According to Method-call expressions, the receiver's type is &String
, So, the list of candidate receiver types at least consists of {String, & mut String, &String, &&String, & mut &String, }
.
The standard has at least two viable traits
impl ops::Deref for String {
type Target = str;
#[inline]
fn deref(&self) -> &str {
unsafe { str::from_utf8_unchecked(&self.vec) }
}
}
impl<T: ?Sized> const Deref for &T {
type Target = T;
#[rustc_diagnostic_item = "noop_method_deref"]
fn deref(&self) -> &T {
*self
}
}
&String
exactly matches the first while &&String
exactly matches the second. However, the candidate chosen at #1
by the compiler is the first one.

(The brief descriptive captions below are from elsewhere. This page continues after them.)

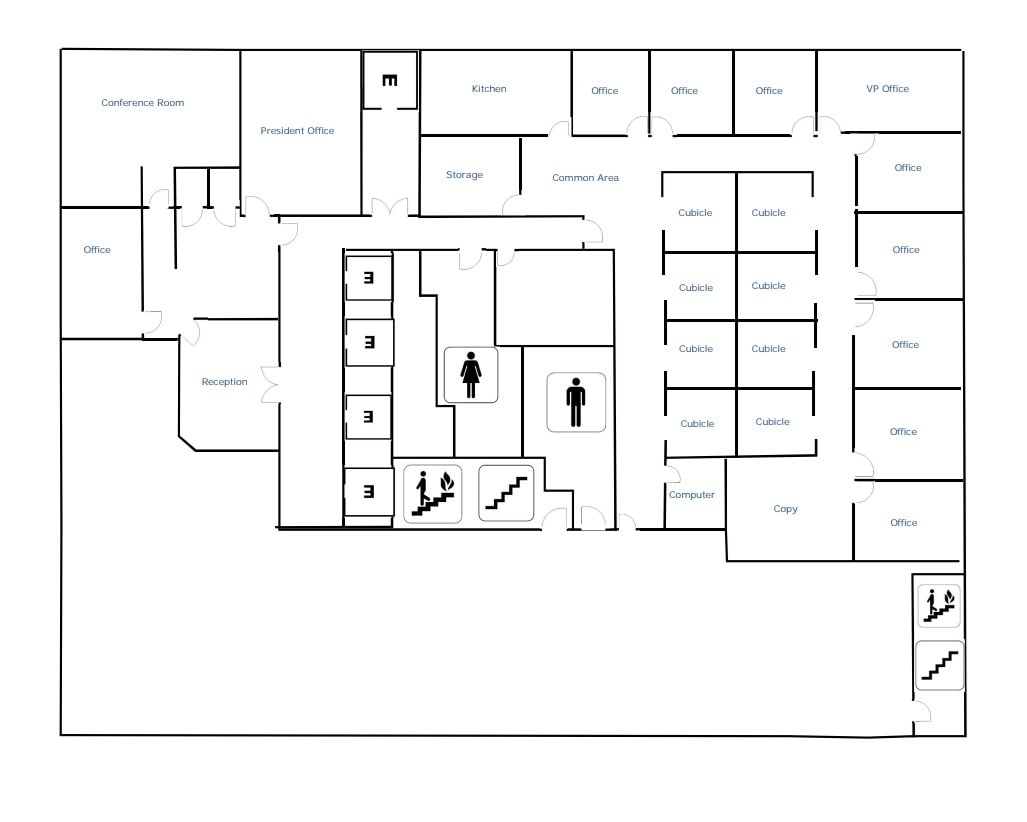 2201 Main St, Dallas, TX for lease Floor Plan- Image 1 of 1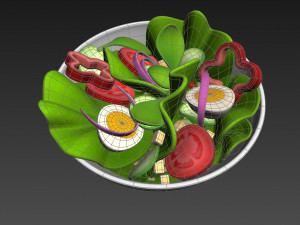 salad 3D Model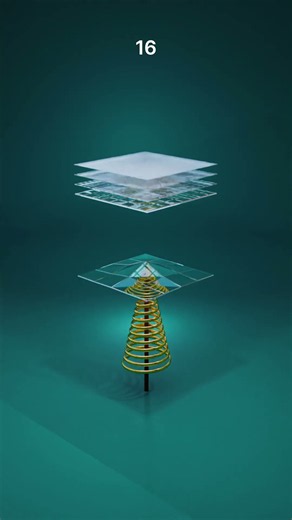 1,000,000 Cloth Simulation | Gold Spring Tree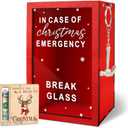 Christmas Gift Emergency Box (Large)  Funny Holiday Gift w/Hammer  Break in Case of Emergency Box  DIY Personalized Gift Box  Gag Christmas Decor for Friends, Coworkers & Family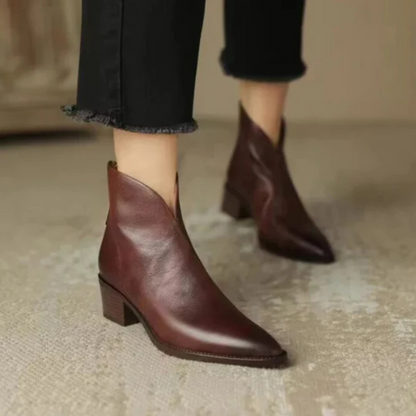 Millie | Black Pointed Ankle Boots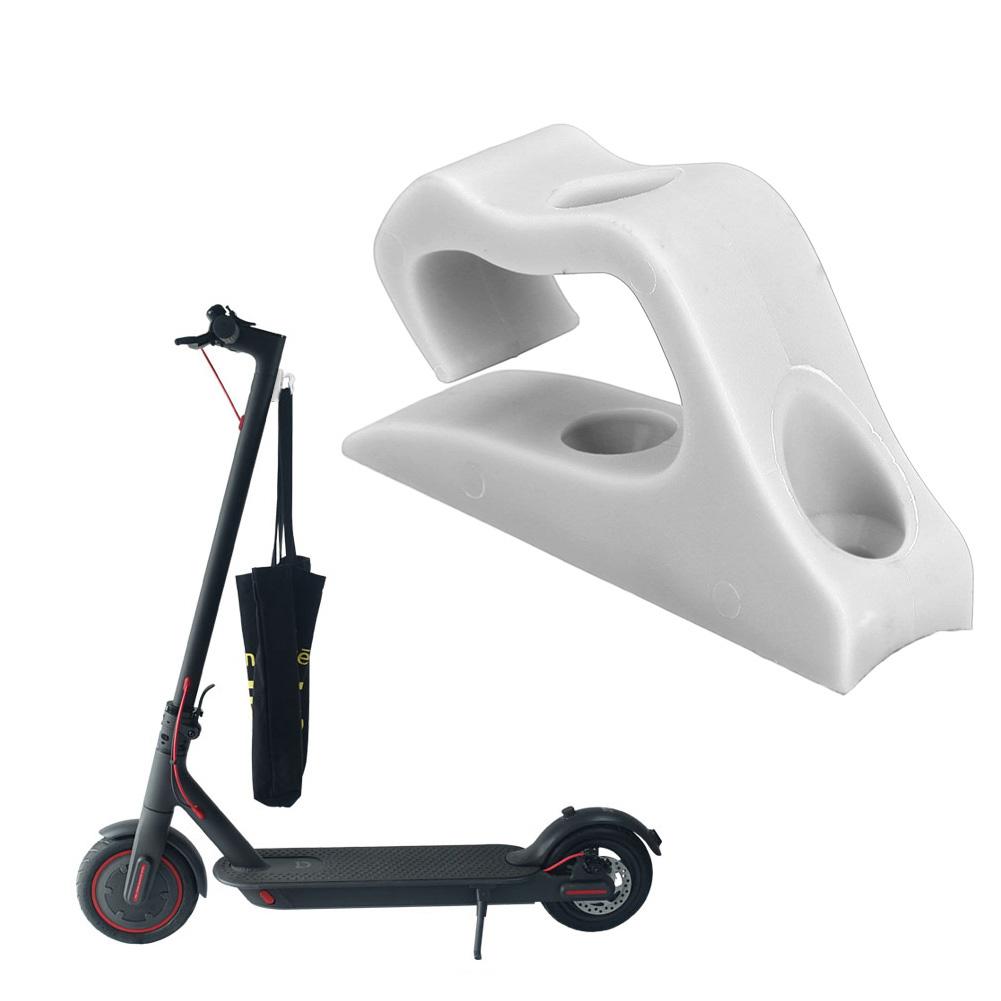 Convenient Nylon Front Bag Hanging Holder Hook Kit for Xiaomi M365 Pro Electric Scooter(White)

How does the compiler choose the second one as the best candidate?
Incidentally,
Obtain these by repeatedly dereferencing the receiver expression's type
This rule is a bit circular definition, considering the type of receiver we are looking up the deref
candidate for the type, such as the example in the rust reference
For instance, if the receiver has type
Box<[i32;2]>
, ...,[i32; 2]
(by dereferencing),
The dereference of Box<[i32;2]>
to get [i32; 2]
itself depends on which candidate would be chosen for dereferencing Box<[i32;2]>
, How is the compiler sure to decide this candidate
impl<T: ?Sized, A: Allocator> const Deref for Box<T, A> {
type Target = T;
fn deref(&self) -> &T {
&**self
}
}
as the best candidate for the result of obtaining receiver-type candidates when we are looking up the candidate methods for Box<[i32;2]>
?